The Arts and Science Federation of Associations elections have arrived and the time for Arts & Science students to choose their next executive has come.
Do you care? You should.

Before my involvement with the Concordia Student Union, I was on an Arts & Science member association for three years – under three different ASFA executives. This experience really taught me how important having a strong and dedicated team in office is.

A weak ASFA executive doesn’t just mean a few less ASFA initiatives throughout the year—all Arts and Science member associations rely on the executive to function properly. This means the responsibility the executives carry is huge; if they don’t do their jobs, member associations can’t do theirs either.

Now, it is important to keep in mind that we’re all students. No one is perfect, and yes, mistakes will happen. However, if you can get an honest and hard-working team whose true motivation is to help students, the rest will work itself out.

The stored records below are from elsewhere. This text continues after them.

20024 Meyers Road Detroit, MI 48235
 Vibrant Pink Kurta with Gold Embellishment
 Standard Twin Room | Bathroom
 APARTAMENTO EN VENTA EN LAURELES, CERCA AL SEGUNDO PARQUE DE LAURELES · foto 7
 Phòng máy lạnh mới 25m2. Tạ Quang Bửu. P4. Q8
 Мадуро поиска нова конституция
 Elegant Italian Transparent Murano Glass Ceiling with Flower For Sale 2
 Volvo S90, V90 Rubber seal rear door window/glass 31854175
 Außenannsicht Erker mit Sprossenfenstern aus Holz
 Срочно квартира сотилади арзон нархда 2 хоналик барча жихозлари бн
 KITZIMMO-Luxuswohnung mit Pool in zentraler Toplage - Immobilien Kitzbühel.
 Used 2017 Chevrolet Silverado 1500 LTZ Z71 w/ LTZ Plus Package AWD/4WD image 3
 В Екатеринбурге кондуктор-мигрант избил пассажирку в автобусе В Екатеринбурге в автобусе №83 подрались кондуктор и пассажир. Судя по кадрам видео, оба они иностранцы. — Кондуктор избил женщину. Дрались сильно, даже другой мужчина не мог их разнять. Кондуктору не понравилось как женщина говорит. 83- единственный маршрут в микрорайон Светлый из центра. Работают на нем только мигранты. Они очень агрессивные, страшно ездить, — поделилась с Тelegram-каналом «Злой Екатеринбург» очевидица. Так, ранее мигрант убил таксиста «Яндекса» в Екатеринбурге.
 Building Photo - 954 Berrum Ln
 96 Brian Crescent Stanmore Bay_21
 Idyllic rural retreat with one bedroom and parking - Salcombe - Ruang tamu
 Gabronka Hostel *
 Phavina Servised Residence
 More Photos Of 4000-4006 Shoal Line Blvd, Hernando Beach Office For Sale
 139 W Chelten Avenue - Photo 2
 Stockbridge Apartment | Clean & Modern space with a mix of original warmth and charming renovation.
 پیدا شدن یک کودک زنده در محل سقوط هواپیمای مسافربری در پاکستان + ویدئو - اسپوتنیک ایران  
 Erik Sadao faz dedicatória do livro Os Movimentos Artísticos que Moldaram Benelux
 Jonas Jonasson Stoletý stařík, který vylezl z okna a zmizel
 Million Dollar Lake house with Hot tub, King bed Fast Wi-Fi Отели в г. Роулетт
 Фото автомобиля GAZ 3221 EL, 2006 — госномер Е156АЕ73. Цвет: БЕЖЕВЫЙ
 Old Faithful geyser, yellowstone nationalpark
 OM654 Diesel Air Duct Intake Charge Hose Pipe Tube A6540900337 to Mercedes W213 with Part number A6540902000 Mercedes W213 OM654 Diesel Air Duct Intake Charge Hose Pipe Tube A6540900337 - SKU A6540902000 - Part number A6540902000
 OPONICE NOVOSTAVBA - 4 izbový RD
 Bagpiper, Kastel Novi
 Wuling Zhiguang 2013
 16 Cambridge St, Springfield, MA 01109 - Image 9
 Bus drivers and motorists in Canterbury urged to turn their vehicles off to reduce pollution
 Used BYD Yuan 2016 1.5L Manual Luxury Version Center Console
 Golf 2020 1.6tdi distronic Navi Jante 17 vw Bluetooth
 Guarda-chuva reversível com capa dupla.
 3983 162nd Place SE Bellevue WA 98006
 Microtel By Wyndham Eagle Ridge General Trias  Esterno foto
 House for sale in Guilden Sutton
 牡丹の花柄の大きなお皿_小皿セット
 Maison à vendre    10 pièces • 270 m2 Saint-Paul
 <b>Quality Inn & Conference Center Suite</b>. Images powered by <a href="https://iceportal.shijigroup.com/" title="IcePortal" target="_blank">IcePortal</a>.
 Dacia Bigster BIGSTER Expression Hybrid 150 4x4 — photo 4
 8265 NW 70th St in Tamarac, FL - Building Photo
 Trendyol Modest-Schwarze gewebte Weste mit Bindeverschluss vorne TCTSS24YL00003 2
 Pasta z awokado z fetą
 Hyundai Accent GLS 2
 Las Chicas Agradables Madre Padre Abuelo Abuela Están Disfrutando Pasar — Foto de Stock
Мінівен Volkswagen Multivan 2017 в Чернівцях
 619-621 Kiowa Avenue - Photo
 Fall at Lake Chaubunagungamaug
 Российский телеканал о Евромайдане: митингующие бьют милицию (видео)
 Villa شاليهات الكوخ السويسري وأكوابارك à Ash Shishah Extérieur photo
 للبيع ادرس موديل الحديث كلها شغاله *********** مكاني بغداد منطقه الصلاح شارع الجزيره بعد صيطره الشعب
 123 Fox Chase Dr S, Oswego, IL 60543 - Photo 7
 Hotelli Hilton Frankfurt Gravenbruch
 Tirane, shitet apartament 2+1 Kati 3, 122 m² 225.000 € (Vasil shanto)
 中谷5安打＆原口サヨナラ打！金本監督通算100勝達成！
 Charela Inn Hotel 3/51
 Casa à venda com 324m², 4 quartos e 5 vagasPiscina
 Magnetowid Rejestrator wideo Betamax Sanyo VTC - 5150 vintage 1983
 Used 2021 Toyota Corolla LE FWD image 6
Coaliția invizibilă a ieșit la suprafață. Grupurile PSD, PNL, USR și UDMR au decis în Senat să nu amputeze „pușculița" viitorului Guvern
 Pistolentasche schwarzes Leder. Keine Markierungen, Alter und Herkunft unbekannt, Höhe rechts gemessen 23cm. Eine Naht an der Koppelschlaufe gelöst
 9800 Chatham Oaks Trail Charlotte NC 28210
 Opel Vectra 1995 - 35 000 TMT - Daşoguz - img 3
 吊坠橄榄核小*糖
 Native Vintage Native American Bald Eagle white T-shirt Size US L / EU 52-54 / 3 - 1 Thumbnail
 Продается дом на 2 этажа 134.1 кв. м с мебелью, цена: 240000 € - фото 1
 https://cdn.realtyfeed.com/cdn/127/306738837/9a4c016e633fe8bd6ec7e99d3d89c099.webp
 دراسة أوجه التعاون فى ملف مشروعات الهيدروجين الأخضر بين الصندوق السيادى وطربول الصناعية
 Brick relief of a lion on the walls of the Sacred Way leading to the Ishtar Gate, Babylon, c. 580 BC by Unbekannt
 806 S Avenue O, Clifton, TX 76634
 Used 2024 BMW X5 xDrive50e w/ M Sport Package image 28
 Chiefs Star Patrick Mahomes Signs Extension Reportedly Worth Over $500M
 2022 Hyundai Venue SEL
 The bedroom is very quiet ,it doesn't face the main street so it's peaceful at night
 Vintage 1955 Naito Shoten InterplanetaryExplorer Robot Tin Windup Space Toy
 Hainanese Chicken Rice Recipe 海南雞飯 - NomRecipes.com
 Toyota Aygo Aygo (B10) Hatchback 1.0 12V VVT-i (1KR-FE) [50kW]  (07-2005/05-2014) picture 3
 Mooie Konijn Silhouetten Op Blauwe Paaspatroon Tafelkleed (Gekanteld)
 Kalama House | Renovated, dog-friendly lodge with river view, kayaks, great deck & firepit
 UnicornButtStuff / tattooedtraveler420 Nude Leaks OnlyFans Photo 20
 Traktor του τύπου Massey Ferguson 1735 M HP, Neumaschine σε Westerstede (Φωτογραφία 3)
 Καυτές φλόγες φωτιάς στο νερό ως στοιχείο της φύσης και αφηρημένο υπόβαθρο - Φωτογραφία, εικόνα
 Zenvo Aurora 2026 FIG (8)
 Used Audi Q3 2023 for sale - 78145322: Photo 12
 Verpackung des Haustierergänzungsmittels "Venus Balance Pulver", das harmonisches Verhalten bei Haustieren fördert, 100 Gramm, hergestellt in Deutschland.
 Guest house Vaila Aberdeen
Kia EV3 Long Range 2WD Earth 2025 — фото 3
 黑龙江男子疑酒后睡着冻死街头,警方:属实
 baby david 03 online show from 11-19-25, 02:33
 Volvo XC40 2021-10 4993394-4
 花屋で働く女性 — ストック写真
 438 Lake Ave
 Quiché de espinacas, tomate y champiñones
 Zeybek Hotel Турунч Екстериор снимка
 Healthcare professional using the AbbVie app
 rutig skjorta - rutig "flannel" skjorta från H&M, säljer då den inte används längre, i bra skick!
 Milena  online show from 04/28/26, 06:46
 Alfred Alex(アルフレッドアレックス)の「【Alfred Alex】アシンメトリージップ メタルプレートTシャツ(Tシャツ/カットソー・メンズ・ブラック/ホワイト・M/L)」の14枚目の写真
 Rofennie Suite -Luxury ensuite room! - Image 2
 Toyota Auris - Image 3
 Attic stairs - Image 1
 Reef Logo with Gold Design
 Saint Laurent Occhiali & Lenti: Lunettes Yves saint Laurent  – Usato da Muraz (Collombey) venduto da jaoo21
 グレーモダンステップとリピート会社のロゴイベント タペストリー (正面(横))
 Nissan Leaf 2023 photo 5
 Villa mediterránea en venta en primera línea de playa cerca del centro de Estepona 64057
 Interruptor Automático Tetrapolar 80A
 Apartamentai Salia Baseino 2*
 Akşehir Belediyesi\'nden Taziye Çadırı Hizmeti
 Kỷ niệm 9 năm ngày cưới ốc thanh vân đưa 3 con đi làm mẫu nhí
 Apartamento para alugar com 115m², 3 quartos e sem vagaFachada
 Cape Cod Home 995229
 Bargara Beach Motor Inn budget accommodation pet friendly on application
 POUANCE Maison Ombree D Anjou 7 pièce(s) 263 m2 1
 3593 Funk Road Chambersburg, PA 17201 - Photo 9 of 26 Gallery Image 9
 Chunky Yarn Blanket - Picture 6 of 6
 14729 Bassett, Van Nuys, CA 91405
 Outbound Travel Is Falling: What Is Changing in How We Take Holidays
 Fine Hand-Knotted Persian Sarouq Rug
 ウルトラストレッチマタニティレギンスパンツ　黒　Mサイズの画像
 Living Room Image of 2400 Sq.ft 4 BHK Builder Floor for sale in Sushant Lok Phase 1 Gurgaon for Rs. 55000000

I’ve always found the best way to determine whether this is the case is through promises made during campaigning.

How feasible are their promises (really)? Have they looked into (not just thought about) how to achieve them? Have they looked to the organization’s past for insight? Does what they’re promising even make sense?

Unfeasible promises are lies. It’s that simple. It’s generally easy to tell which candidates are making flashy promises just to win votes, and that’s dishonest.

Something candidates often forget is that we’re not expecting miracles; we’re expecting representatives who will aim high, work their hardest, and deliver the results to the best of their abilities.

What candidates are promising also gives good insight into how well they know their school, how it operates and how to navigate the ever more complex bureaucracy behind the scenes.

At the end of the day, the less flashy promises that actually get achieved are worth more than the empty words that would’ve been really cool.

So, I implore every Arts and Science student to take the time and look into every promise being made to you. Give the posters more than a passing glance—take the time to think about what each promise means and why it’s being made.

Dishonest candidates bank on students being too apathetic to hold them accountable, and the only way to reverse that attitude is to prove them wrong.